As of December 31, 2021, the Company had not commenced any operations. All activity for the period from December 3, 2020 (inception) through December 31, 2021 relates to the Company’s formation and the IPO and activities subsequent to the IPO relate to the search for a target and closing of a business combination. The Company will not generate any operating revenues until after the completion of its initial Business Combination, at the earliest. Until the consummation of the Business Combination, the Company generated non-operating income in the form of interest income on cash and cash equivalents from the proceeds derived from the IPO and unrealized gains and losses on the change in fair value of it warrants.
The Company’s sponsor was SilverBox Engaged Sponsor LLC, a Delaware limited liability company (the “Sponsor”). The registration statement for the Company’s IPO was declared effective on February 25, 2021 (the “Effective Date”). On March 2, 2021, the Company consummated the IPO of 34,500,000 Units, which includes the full exercise by the underwriters of the over-allotment option to purchase an additional 4,500,000 Units, at $10.00 per Unit, generating gross proceeds of $345,000,000, which is discussed in Note 2.
The Company has entered into a Forward Purchase Agreement with Engaged Capital, pursuant to which Engaged Capital has agreed to purchase from the Company, in a private placement for an aggregate amount of $100,000,000 to occur simultaneously with the consummation of an initial business combination, 10,000,000 Forward Purchase Shares at $10.00 per share. The Forward Purchase Shares were issued on February 9, 2022 in connection with the Business Combination with Authentic Brands and the Forward Purchases Investment was consummated.
Simultaneously with the closing of the IPO, the Company consummated the sale of 6,266,667 warrants (the “Private Warrants” and, such transaction, the “Private Placement”), at a price of $1.50 per Private Warrant, generating gross proceeds of $9,400,000, which is discussed in Note 3. Each warrant entitles the holder to purchase one share of common stock at a price of $11.50 per share.

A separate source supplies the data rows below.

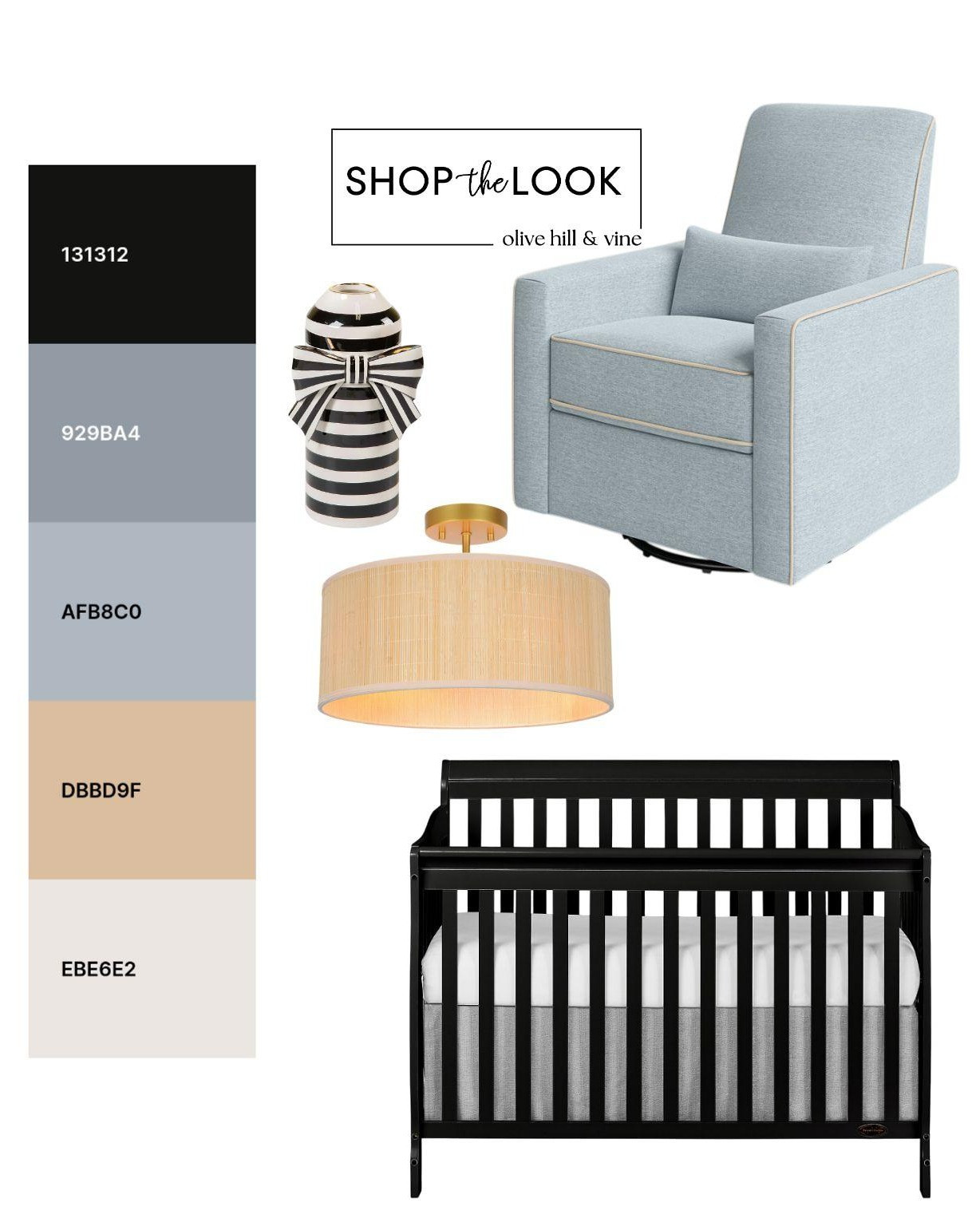 Soft blue meets bold black in a nursery palette that feels fresh, playful, and polished. Warm natural textures and whimsical details soften the contrast, creating a sweet foundation for a space designed to grow right along with little ones.

#LTKHome
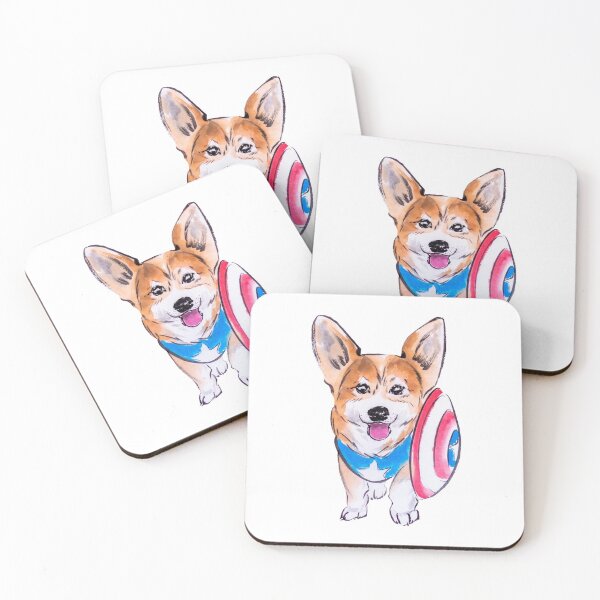 Item preview, Captain Americorgi sumie ink and watercolor painting designed and sold by ladyshekk.
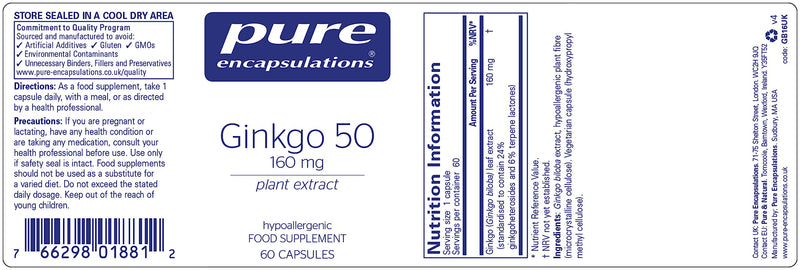 Pure Encapsulations - Ginkgo 50 160mg - Hypoallergenic Ginkgo Biloba Extract Phytonutrient Supplement - 60 Capsules - BeesActive Australia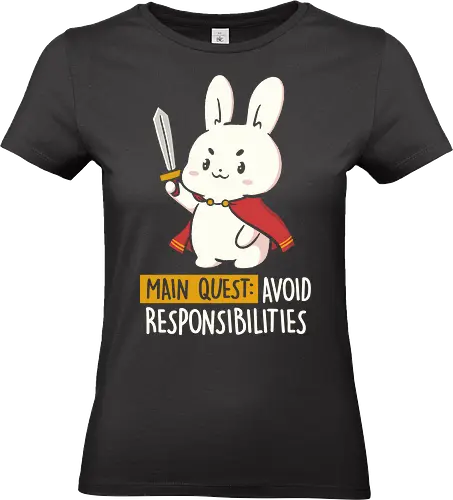 Main Quest: Avoid Responsibilities - koalatees, koala, bunny, rabbit, sword, lazy, procrastination, gamer, rpg, ironic, funny, sarcastic, kawaii - Standard T-Shirt (Frauen)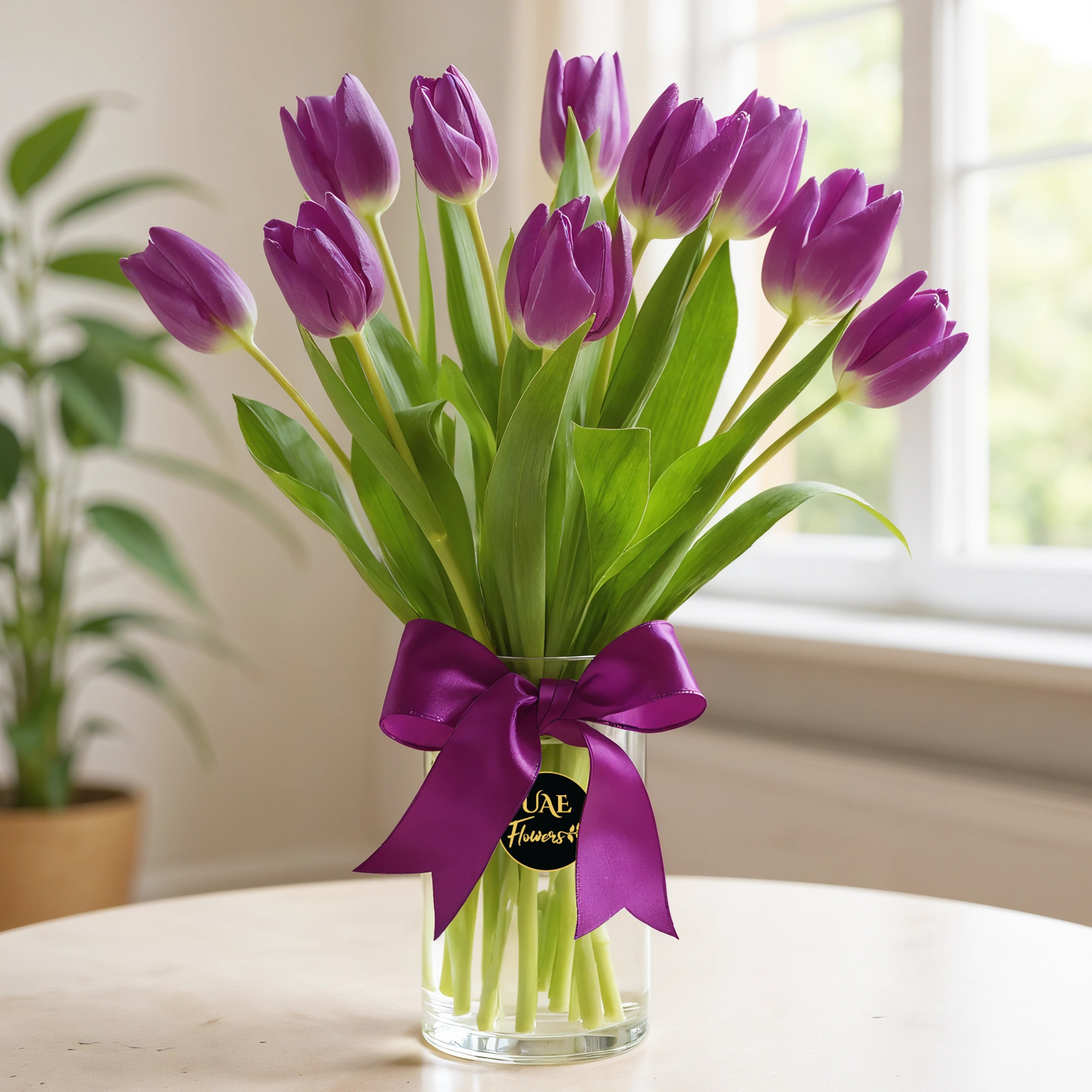 A bouquet of 10 purple tulips tied with a purple ribbon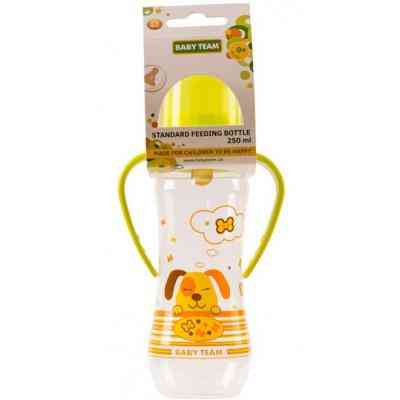 Пляшечка для годування Baby Team з латексною соскою і ручками 250 мл 0+ (1311_собачка_салатовая) Вінниця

Offering costs of the IPO amounted to $19,474,651 consisting of $6,900,000 of underwriting discount, $12,075,000 of deferred underwriting discount, and $499,651 of other offering costs. Of the offering costs, $820,691 is included in offering costs on the statement of operations and $18,653,960 is included in temporary equity.
Upon the closing of the IPO and the Private Placement, $345.0 million ($10.00 per Unit) of the net proceeds of the IPO and certain of the proceeds of the Private Placement were placed in a trust account (the “Trust Account”) and invested in money market
funds meeting certain conditions under Rule 2a-7 promulgated under the Investment Company Act of 1940, as amended (the “Investment Company Act”) which invest only in direct U.S. government treasury obligations, as determined by us, until the earlier of: (i) the completion of a business combination and (ii) the distribution of the Trust Account as described below. Our management has broad discretion with respect to the specific application of the net proceeds of the IPO and the Private Placement, although substantially all of the net proceeds are intended to be applied toward identifying and consummating an initial Business Combination.

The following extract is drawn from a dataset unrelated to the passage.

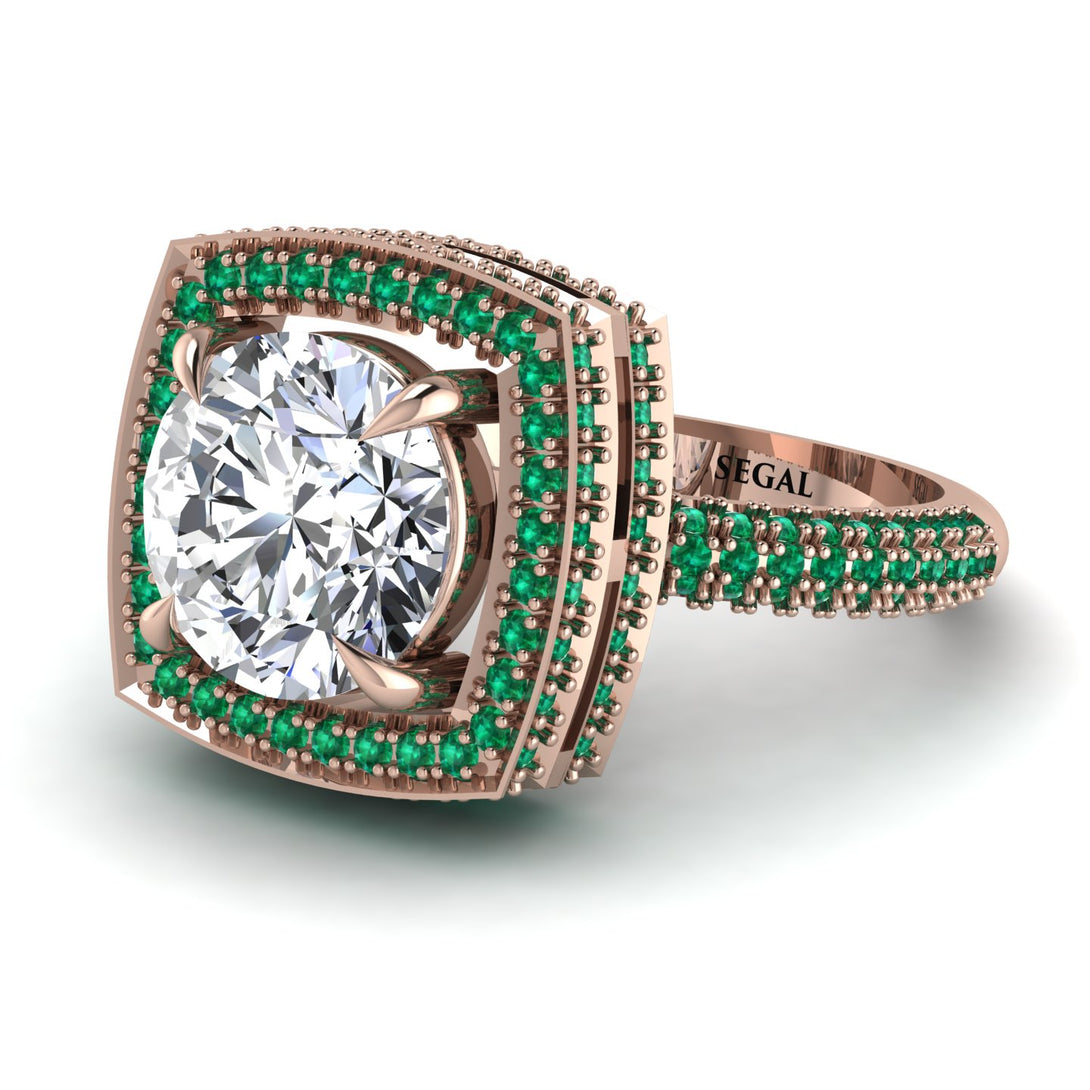 Round Diamond Double Halo Engagement Ring - Kayleigh No. 17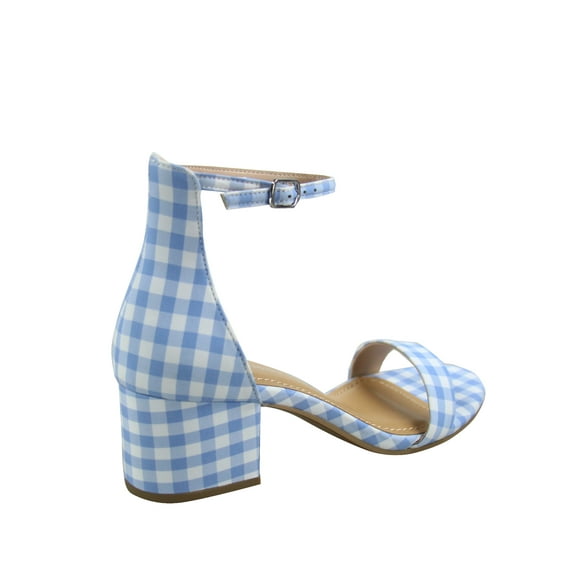 Women's Weekend Low Chunky Block Heel Open Toe Ankle Strap Dress Sandal Shoes Blue Gini 8.5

If we had been unable to complete a business combination within 24 months from the closing of the IPO (which could have been extended by an additional three months to 27 months if the Company entered into a letter of intent within 24 months from the closing of the IPO) (the “Combination Period”), the Company would have (i) ceased all operations except for the purpose of winding up, (ii) as promptly as reasonably possible but not more than ten business days thereafter, redeem the public shares, at a per-share price, payable in cash, equal to the aggregate amount then on deposit in the Trust Account, including interest (net of permitted withdrawals and up to $100,000 to pay dissolution expenses), divided by the number of then outstanding public shares, which redemption would have completely extinguish public stockholders’ rights as stockholders (including the right to receive further liquidation distributions, if any), and (iii) as promptly as reasonably possible following such redemption, subject to the approval of the Company’s remaining stockholders and the Company’s board of directors, liquidate and dissolve, subject, in each case, to the Company’s obligations under Delaware law to provide for claims of creditors and the requirements of other applicable law.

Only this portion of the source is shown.